Inquiétantes prisons modèles
Le contrôleur des lieux de privation de liberté, Jean-Marie Delarue, a présenté hier un rapport très critique envers le fonctionnement des nouveaux établissements pénitentiaires. Un dédale de portes, de clés, de couloirs, de sas ou de contrôles… Un cheminement sans fin, au sens premier du terme : dans les nouveaux établissements pénitentiaires, entre un quart et un tiers des détenus qui sortent de leur cellule pour se rendre à une activité ou un rendez-vous sont contraints de faire demi-tour avant d’avoir atteint leur objectif, horaire oblige. « Il y a dans ces prisons une multiplication des frustrations, et par conséquent un accroissement inévitable de l’agressivité, engendrant une violence contre soi et contre autrui », détaille le contrôleur des lieux de privation de libertés, Jean-Marie Delarue, qui commentait hier, devant une presse venue nombreuse, son second rapport annuel depuis la création de l’institution. « Sans polémiquer, ni rien céder à ce qui me semble devoir être dit », a-t-il cru bon d’insister.
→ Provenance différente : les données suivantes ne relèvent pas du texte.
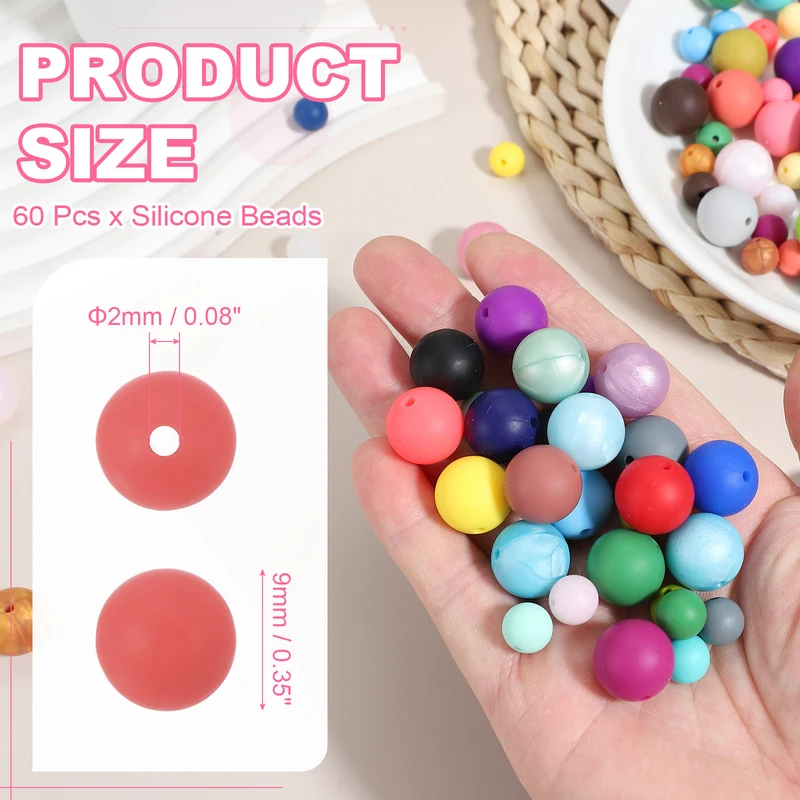 60 Pcs Silicone Beads, 9mm Bulk Beads for Keychain Making, Peach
UNE MULTIPLICATION DES FRUSTRATIONS
Cette année, le contrôleur a donc développé un point spécial consacré aux établissements construits dans le cadre du programme dit des « 13 000 » places, conçu en 2002 : trois de ses équipes, parties simultanément entre fin août et début septembre 2009 pour les visiter, sont revenues « pessimistes ». Mais « le coup est parti », regrette le contrôleur pour qui, il sera désormais difficile de revenir sur une architecture dont la définition est déjà fixée.
POUR LA MAJORITÉ, UN « ENNUI MORTEL »
Outre la multiplication des grilles et du béton, le problème de ces « prisons modernes » réside dans la diminution des contacts humains, avec par exemple la mise en place de « vitres sans tain dans les postes de surveillance ». Les gardiens y sont « débordés » : « Leur nombre est à peine suffisant pour accomplir leurs tâches. » Certains n’ont d’ailleurs pas le temps d’ouvrir la porte des détenus qui doivent se rendre à une activité, « et disent ensuite que c’est le détenu qui a refusé de venir », complète le contrôleur, qui dit récuser « les faux clivages » : « Si nous nous intéressons aux détenus, est-ce que nous ignorons les conditions de travail des surveillants ? » En prison, précise encore Jean-Marie Delarue, les activités, ateliers, formations, ou emplois, sont « réservés à une minorité privilégiée ». Le lot des autres, c’est « un ennui mortel ». Autre objet d’inquiétude du contrôleur qui rappelle que « l’exigence de sécurité ne remplacera jamais les nécessaires relations humaines » : la mise en place de la vidéosurveillance. Sans y être opposé, il recommande que des limites « très précises » soient fixées : aucune caméra dans les lieux d’intimité, les cabinets de médecins, d’avocats, les chambres d’hôpital ou la cellule. « On ne peut pas substituer la vidéosurveillance à la surveillance », appuie Jean-Marie Delarue. Et de livrer une anecdote qui résume bien les limites d’une lecture parfois délicate et imprécise des images. En visite dans un centre de rétention, le contrôleur voit à l’image ce qu’on lui décrit comme étant « quinze personnes assises sagement devant un poste de télévision ». Arrivé dans la pièce en question, il découvre que les quinze personnes sont en fait « en train d’attendre qu’on consente enfin à allumer le poste ».